This assists my prediction of how this will ultimately unfold. I hold no delusions about the time frame— very little of this is going to be on your computer within five years. You can use DeepDream and DeepArt and various DL voice synthesis programs, but it's all still very early in development. There will still be voice actors and animators in 2025. They'll still be fields you can get into and receive career payment. Comic and manga creators also won't be replaced anytime soon. If anything, it might take a bit longer for them precisely because of the nature of cartooning. Neural networks today are fantastic at repainting a pre-existing image or using an image it's seen before to create something new. But so far, it lacks the ability to actually stylize the image. There's no way to exaggerate features like you'd see in a cartoon. We know networks understand anime eyes, but they don't seem to be able to create an actual anime character based on images they've seen— if you fed a computer 1,000 anime stills and then inputted your own portrait into it, it wouldn't give you huge eyes or unrealistically sharpened/cutened features— it'd just recolor your portrait to make it toon-shaded. Likewise, I can't make my friend look like a character from the Simpsons with any algorithm that currently exists. He'd just have crayon-yellow skin and a flesh-colored snout but otherwise wouldn't actually have his skeletal or muscular structure altered to fit the Simpsons' distinctive style.
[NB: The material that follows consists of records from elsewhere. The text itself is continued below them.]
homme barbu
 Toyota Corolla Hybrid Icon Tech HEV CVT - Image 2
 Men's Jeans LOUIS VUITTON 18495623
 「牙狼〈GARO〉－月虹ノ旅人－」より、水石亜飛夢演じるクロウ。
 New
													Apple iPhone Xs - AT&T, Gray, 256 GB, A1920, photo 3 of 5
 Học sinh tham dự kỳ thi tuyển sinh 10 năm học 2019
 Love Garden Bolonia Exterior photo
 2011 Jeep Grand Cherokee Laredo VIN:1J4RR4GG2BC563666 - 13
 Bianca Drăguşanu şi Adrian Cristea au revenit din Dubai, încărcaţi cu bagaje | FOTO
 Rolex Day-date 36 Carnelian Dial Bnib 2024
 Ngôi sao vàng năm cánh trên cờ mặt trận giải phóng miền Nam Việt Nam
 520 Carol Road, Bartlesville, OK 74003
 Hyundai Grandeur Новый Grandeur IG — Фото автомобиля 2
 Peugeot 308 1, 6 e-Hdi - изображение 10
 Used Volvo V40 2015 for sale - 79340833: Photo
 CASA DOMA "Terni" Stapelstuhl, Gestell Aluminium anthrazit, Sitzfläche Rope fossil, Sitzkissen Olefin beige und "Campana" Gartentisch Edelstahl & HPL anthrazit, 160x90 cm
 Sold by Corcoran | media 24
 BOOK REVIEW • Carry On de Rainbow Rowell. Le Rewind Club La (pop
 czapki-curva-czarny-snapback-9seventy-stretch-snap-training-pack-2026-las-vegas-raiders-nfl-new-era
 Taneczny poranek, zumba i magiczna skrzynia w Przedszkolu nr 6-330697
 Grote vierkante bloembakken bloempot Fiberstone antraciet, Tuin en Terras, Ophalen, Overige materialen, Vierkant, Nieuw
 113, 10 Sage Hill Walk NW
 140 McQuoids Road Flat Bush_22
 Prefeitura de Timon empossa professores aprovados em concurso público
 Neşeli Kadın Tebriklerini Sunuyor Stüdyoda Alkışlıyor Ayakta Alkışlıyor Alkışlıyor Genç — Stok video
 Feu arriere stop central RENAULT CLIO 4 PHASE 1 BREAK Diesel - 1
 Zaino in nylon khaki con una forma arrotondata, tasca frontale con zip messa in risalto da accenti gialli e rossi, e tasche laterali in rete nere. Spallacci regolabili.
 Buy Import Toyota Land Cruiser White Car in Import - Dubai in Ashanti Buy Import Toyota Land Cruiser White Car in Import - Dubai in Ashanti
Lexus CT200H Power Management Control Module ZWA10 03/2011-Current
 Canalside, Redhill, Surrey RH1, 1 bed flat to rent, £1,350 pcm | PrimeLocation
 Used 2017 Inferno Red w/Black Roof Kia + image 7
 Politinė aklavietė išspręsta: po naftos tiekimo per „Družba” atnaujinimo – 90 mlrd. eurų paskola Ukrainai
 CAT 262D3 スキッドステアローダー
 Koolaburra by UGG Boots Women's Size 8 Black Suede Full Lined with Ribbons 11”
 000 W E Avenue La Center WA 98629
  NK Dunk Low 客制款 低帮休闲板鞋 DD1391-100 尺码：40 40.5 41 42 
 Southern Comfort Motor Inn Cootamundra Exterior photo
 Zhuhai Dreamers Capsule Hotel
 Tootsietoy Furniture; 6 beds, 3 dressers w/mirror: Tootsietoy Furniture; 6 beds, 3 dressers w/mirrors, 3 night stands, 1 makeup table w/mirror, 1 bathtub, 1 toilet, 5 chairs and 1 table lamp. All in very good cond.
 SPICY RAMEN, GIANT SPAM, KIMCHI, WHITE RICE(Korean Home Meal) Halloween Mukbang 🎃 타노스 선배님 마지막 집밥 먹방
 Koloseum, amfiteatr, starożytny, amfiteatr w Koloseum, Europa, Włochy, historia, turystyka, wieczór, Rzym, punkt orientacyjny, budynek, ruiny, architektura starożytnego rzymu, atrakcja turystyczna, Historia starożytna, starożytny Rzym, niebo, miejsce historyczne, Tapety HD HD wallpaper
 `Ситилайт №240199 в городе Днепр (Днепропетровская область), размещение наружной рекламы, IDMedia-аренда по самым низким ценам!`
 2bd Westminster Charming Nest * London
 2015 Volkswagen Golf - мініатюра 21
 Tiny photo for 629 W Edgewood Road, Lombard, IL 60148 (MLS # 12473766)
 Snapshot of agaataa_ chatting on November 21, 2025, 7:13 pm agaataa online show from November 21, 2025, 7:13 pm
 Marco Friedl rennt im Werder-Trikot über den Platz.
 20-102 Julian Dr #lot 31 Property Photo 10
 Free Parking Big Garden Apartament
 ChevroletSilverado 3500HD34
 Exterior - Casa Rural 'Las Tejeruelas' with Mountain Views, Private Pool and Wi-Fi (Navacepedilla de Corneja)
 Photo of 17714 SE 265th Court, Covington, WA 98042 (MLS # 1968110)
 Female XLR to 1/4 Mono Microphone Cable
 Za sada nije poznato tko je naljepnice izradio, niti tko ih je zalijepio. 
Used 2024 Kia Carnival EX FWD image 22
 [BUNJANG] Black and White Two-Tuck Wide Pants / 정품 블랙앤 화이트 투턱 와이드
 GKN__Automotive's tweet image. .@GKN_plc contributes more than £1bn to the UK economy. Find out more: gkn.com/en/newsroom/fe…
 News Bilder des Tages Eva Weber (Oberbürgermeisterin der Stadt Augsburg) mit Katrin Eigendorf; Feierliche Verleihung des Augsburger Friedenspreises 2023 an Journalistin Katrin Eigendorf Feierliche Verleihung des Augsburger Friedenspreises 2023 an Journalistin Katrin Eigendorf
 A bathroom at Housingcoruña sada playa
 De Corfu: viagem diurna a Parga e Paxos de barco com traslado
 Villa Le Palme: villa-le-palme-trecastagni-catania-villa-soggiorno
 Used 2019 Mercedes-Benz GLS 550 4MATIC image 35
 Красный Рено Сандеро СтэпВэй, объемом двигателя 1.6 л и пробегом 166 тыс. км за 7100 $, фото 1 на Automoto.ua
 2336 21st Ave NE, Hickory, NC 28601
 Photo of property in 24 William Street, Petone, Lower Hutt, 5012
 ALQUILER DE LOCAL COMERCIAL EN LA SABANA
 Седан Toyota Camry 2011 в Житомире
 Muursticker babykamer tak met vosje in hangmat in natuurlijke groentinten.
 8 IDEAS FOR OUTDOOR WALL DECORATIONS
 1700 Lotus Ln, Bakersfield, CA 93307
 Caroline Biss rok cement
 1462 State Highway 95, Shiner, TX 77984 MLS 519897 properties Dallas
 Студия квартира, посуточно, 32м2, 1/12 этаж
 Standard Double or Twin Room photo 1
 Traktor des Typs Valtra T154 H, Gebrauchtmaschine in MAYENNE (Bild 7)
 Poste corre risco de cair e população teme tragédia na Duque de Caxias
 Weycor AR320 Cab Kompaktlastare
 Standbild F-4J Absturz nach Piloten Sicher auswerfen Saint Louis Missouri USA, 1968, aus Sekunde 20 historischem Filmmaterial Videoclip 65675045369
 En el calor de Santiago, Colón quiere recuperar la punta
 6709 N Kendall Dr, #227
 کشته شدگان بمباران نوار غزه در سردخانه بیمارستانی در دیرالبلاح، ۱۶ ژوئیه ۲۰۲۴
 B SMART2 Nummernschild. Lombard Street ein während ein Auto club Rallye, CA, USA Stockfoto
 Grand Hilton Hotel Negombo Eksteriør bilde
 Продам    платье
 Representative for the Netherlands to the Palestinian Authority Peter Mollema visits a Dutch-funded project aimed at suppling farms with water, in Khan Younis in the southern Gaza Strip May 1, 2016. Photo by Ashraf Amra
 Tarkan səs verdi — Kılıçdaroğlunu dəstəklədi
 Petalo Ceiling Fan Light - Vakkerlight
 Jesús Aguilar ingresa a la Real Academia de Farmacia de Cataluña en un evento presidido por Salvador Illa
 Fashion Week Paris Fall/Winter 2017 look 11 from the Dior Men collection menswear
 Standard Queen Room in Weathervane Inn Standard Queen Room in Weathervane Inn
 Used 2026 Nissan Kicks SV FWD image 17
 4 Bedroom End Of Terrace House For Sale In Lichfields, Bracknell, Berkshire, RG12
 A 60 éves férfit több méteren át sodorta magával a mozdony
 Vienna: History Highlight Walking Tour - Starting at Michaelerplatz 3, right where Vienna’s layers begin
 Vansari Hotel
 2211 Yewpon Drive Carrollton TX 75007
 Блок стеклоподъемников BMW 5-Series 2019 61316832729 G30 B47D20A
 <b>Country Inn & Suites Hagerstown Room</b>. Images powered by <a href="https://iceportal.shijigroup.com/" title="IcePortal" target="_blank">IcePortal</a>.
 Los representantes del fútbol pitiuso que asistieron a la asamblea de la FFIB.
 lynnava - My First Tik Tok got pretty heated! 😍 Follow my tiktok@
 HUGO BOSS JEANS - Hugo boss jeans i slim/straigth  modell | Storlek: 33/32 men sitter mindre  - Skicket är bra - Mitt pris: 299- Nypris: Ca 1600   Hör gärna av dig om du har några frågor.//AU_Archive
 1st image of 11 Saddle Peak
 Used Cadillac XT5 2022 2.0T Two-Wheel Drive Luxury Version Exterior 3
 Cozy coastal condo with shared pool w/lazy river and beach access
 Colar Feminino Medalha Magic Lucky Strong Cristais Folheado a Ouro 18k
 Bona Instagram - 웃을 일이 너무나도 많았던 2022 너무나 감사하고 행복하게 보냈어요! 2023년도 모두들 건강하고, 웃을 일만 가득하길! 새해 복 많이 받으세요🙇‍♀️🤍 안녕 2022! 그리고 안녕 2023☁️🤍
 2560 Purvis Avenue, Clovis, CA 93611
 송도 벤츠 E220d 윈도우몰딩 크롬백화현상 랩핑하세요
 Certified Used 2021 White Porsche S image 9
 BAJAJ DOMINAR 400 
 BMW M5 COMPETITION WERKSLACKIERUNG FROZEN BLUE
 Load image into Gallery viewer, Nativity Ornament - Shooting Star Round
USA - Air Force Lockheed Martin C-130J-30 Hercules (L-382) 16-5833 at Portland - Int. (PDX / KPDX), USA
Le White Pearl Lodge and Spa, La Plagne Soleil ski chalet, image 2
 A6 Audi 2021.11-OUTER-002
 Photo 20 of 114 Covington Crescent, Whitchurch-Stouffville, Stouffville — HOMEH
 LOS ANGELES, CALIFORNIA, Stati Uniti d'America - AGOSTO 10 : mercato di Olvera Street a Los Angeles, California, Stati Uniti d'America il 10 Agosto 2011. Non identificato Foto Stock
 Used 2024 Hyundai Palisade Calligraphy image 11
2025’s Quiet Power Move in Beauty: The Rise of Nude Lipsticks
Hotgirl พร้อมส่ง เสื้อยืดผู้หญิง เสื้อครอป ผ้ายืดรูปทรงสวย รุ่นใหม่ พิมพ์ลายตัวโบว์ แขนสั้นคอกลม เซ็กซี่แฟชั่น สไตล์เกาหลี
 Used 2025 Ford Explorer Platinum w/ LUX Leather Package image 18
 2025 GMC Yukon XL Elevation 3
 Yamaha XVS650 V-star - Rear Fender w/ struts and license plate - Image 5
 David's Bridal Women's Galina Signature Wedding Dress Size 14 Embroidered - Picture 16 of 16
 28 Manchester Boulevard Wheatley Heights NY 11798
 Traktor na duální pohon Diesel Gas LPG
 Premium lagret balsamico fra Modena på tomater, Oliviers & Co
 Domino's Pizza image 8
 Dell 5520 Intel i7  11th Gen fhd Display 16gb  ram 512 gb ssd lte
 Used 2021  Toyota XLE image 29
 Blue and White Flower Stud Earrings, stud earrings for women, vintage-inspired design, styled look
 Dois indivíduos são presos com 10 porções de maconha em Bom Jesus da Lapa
No network today can do that. It might be possible within a couple years to at least get a GAN to approximate it, but it won't be until the mid-2020s at the earliest that we'll see "filters" that could change my portrait into an actual cartoon. As of right now, making an algorithm "cartoonify" a person simply means adding vector graphics or cel-shading.
Now that won't be a problem if you were to use text-to-image synthesis. You could phase out the middleman and go straight to generating new characters from scratch. And in 2018, I bet that we might see the first inklings of this in a very basic way. In a lab, we'll get a comic created entirely by algorithm.
Input text describing a character— if I had to come up with something, I'd make it simple and just go with "round head with stick figure body".
Do the same thing for others. Describe the ways their limbs bend. If they have mouths, describe whether or not they're open. If there are speech bubbles, what do they look like and how big are they? Etc. etc.
Perhaps you could be more daring and feed a network thousands of images from a pre-chosen art style, but I'm being conservative.
Right now, a neural network that can actually make narrative sense is a damn-near impossible thing to create. So if you want to achieve causality and progression in such a story, you'll still need a human to make sense of it. Thus, this comic will likely be organized by a human even if the images are entirely AI-generated.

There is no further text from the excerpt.